■ WHAT THIS TASK INVOLVES ■
Your answer consists of the lines in the data that contain "khiển". Copy each of them.

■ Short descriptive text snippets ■
···

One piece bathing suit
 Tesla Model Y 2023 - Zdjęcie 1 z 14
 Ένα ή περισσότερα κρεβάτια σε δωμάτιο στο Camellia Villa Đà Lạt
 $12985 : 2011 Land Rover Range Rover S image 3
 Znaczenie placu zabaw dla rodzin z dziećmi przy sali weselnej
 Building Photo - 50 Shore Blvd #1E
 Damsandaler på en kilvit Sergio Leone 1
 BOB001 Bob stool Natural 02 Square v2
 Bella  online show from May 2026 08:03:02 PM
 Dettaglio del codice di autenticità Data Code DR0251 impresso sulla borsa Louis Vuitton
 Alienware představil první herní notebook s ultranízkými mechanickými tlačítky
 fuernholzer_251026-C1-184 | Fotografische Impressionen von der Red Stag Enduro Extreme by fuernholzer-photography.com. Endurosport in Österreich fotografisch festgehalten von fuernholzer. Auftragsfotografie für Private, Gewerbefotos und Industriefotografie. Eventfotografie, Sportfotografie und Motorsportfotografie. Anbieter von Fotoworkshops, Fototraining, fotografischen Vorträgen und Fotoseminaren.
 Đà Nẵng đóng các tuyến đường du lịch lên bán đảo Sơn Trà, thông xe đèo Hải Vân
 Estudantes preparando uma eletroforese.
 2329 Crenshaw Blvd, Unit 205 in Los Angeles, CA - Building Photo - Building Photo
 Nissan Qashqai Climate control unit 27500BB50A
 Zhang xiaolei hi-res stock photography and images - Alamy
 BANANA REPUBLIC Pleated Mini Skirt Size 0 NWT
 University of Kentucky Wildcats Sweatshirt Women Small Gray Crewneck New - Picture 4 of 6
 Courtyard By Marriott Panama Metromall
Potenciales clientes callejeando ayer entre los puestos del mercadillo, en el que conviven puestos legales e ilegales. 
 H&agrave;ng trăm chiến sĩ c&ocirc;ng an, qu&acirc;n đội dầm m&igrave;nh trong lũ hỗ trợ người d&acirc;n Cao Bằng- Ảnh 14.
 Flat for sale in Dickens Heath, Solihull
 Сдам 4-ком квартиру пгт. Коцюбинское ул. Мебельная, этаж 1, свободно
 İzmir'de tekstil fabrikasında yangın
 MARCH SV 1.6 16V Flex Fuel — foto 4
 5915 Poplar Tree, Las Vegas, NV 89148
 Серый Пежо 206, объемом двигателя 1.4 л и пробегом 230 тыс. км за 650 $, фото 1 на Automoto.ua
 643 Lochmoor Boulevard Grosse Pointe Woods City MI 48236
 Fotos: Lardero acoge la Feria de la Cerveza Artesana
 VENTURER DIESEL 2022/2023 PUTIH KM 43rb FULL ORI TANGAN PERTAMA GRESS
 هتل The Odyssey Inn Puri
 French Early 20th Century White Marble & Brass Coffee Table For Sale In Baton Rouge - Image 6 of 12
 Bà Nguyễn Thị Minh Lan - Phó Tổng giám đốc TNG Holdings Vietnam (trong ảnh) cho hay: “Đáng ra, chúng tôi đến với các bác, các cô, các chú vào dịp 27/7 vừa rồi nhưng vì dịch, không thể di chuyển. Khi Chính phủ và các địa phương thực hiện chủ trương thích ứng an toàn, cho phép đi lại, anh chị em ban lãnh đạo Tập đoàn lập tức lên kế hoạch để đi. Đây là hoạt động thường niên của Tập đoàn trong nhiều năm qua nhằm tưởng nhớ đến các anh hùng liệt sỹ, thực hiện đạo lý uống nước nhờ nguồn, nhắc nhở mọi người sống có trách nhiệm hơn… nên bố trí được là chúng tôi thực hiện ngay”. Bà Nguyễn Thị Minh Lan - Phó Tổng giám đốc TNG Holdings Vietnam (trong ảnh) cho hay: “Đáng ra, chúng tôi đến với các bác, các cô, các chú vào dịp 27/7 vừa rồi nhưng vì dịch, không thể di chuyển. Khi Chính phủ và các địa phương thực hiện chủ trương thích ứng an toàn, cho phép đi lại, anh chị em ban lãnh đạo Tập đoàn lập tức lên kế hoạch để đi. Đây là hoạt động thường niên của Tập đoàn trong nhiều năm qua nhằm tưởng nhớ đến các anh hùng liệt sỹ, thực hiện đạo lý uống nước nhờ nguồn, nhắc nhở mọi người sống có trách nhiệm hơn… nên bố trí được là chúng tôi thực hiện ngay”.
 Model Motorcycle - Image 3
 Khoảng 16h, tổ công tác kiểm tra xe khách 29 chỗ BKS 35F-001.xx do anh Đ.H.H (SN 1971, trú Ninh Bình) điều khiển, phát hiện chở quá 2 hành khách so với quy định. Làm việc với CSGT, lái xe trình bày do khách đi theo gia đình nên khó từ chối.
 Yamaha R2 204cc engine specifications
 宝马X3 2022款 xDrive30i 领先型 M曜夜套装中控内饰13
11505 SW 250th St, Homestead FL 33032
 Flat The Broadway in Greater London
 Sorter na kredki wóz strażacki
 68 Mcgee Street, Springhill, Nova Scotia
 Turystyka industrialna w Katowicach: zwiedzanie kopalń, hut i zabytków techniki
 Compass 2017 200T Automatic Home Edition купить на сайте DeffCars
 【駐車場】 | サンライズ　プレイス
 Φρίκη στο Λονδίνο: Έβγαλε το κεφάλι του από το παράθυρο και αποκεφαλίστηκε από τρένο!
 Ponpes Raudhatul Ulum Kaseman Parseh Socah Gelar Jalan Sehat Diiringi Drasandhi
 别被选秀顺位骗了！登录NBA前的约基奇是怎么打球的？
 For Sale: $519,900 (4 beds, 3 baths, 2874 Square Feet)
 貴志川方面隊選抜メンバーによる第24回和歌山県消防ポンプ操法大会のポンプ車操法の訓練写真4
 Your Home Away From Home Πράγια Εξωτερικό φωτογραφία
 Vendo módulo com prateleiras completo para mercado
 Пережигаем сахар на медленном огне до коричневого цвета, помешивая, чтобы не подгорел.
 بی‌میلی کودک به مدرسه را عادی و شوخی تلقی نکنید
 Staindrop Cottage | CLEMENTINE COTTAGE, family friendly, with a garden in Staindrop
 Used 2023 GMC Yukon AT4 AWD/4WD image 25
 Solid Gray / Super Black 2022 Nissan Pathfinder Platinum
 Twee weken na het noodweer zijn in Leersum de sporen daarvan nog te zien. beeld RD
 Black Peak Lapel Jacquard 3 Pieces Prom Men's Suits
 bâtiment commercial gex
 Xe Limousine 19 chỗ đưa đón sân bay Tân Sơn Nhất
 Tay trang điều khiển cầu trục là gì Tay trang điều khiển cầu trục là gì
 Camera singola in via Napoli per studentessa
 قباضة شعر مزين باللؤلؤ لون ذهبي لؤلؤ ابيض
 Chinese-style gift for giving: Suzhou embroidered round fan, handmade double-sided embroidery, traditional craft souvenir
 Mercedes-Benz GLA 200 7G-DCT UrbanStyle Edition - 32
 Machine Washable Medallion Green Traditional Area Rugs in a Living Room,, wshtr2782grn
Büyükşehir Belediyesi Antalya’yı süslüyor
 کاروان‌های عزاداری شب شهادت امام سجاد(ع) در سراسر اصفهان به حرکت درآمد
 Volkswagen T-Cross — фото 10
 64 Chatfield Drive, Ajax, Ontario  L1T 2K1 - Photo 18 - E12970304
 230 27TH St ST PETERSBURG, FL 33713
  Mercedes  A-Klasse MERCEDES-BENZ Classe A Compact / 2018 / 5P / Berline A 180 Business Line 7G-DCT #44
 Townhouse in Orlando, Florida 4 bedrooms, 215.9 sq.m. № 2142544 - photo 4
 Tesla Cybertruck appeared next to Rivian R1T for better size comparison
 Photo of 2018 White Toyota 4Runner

···

■ RESPONSE BELOW ■
 Khoảng 16h, tổ công tác kiểm tra xe khách 29 chỗ BKS 35F-001.xx do anh Đ.H.H (SN 1971, trú Ninh Bình) điều khiển, phát hiện chở quá 2 hành khách so với quy định. Làm việc với CSGT, lái xe trình bày do khách đi theo gia đình nên khó từ chối.
 Tay trang điều khiển cầu trục là gì Tay trang điều khiển cầu trục là gì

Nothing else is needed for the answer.